Task statement:
Give back, word for word, every line from the one containing "diversiteit racisme handen" to the end of the listing, and nothing more.

Data in this exercise:
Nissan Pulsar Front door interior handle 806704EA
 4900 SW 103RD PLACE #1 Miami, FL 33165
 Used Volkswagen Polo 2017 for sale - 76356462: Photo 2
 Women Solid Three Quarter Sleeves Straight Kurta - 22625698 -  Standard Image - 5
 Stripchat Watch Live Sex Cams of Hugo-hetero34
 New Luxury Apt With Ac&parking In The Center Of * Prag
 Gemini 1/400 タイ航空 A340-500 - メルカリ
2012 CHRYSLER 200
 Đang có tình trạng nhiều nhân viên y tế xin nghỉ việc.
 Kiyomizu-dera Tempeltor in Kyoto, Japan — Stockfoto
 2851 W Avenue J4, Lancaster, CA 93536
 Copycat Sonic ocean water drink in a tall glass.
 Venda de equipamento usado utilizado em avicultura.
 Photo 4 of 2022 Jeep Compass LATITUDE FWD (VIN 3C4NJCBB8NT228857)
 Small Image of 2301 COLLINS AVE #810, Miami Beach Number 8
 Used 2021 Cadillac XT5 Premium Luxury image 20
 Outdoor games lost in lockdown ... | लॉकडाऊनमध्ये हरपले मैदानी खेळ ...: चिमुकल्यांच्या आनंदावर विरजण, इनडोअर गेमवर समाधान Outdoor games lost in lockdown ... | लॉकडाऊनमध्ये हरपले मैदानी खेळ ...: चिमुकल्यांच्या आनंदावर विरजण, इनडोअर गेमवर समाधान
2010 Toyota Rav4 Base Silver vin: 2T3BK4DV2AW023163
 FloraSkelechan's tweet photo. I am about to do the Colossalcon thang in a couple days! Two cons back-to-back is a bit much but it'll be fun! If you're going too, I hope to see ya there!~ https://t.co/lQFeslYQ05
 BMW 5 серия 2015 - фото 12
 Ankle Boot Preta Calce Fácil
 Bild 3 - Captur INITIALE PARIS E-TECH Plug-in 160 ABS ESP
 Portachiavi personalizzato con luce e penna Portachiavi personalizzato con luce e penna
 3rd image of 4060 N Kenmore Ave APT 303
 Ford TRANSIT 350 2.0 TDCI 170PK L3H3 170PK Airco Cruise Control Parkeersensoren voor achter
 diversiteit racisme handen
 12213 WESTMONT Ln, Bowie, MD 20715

Problem solution:
 diversiteit racisme handen
 12213 WESTMONT Ln, Bowie, MD 20715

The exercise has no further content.